La scelta di virare verso la commedia da un lato rende il film più appetibile al grande pubblico, ma dall’altro crea forti disequilibri nella bilancia dei contenuti. Le atmosfere inizialmente pacate della prima metà inquadrano le difficoltà dei due protagonisti a relazionarsi col sesso opposto in una prospettiva del tutto diversa da quella ordinaria; differenze fisiche e comportamentali, rapporti interpersonali e realtà inizialmente sconosciute, creano un simpatico - per quanto poco originale e alla lunga ripetitivo - gioco di equivoci che riesce a catturare lo spettatore.

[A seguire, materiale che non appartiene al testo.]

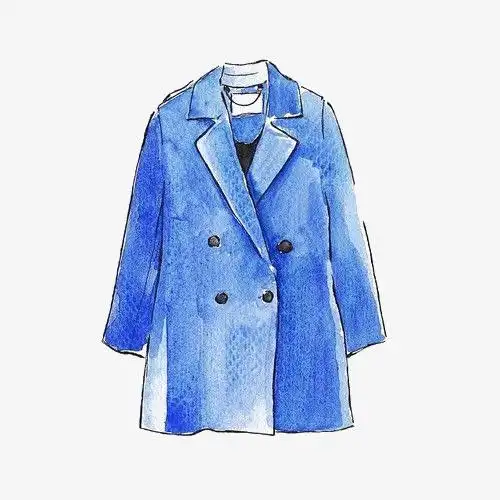 蓝色大衣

Nella seconda parte i toni si fanno più cupi, la tensione e il ritmo incalzano e ritorna ad aleggiare sulla scena il fantasma dell’incomunicabilità delle sensazioni e dei sentimenti, mentre cresce sempre di più sia la “distanza” tra i protagonisti sia l’abuso che viene fatto dell’elemento sovrannaturale, con annesse forzature a livello di intreccio. Questo è un aspetto che penalizza parecchio l’intera opera; lo sceneggiatore - che è sempre Shinkai e sottolineo ancora che non fa, in generale, un cattivo lavoro - sembra quasi che stavolta abbia esagerato nell’infarcire il proprio lavoro di colpi di scena e situazioni che risultano poco credibili anche in un contesto fantastico, al solo fine di porre quella sfumatura tragica con la quale ama firmare i propri film. Il risultato è un connubio un po’ dissonante di ilarità e pathos, che sebbene sia atto a rappresentare quell’imprevedibilità che caratterizza la vita e trovi quindi nel film una propria raison d’être, trova comunque difficoltà nel passare in modo elegante dall’una all’altra.

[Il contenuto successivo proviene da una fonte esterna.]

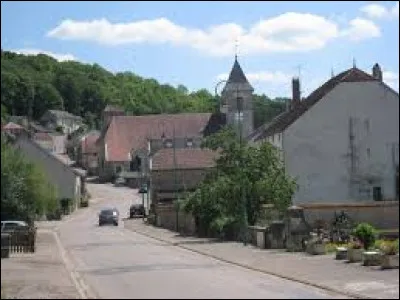Village de l'arrondissement de Langres, sur les bords du Salon, Grenant se situe dans le d&eacute;partement ...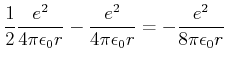 $\displaystyle E_{n_{1}}-E_{n_{2}}=h\nu=h\left( \frac{1}{n_{2}^{2}}-\frac{1}{n_{1}^{2} }\right) R_{H}$
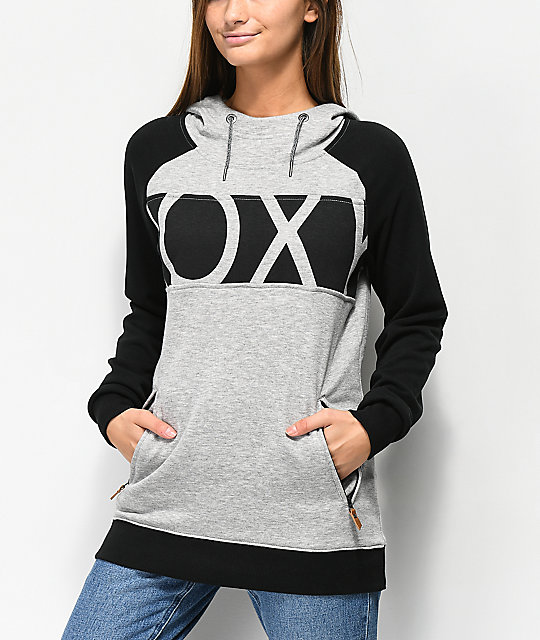 roxy fleece lined hoodie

Conclusioni: il superamento dell'incomunicabilità

Il tema centrale su cui il film è basato, quello dell’intrecciarsi del tempo e delle relazioni, del condividere una parte del tutto, dell’amore che supera la barriera dell’incomunicabilità e che per quanto sembri perdersi, prima o poi si ricollega, non è un tema trattato in modo approssimativo, anzi. Forse è proprio l’elemento che mi ha stupito di più del modo in cui Shinkai ha approcciato la sceneggiatura. Quello del musubi è un messaggio di speranza: se ognuno è parte di un tutto, di un intero, se si condividono delle esperienze, delle sensazioni e delle emozioni, allora quello diventa il filo rosso del destino che lega due persone e, per quanto esso si aggrovigli, si arrotoli e si spezzi, alla fine si ricomporrà e sarà di nuovo intero. Può non essere del tutto manifesto, ma c’è; così è come la nonna della protagonista, non a caso, definisce anche lo scorrere del tempo. Questo elemento funge da filo conduttore e attraversa l’intero sviluppo della storia, partendo da una situazione, sviluppando delle difficoltà e arrivando finalmente a una - per quanto forzata - conclusione. È un passo in avanti per Shinkai, sia a livello di contenuti sia di esperienza come sceneggiatore. Quello che va meno del resto, come già detto, sono le forzature dell’intreccio e una sceneggiatura che non sa gestire le informazioni da fornire allo spettatore, quasi costretta in più di un punto a mettere in scena dialoghi poco sensati e innaturali al solo fine di spiegare scelte e azioni dei personaggi. Tutto questo inficia fino a un certo punto la fruibilità del racconto, che di per sé rimane buono e scorre in modo abbastanza fluido. Sono aspetti che spero vivamente di vedere corretti - e non avrei mai pensato di dire una cosa del genere - in un prossimo ipotetico lavoro del regista, tanto mi ha incuriosito la sua inaspettata evoluzione. Non ritengo dunque “Your Name.” un capolavoro, ma, nonostante i suoi limiti, penso sia riuscito bene a comunicare il messaggio di cui si è fatto portatore, risultando nel complesso un film apprezzabile anche da chi, come il sottoscritto, non provasse particolare affezione verso Makoto Shinkai e i suoi precedenti lavori.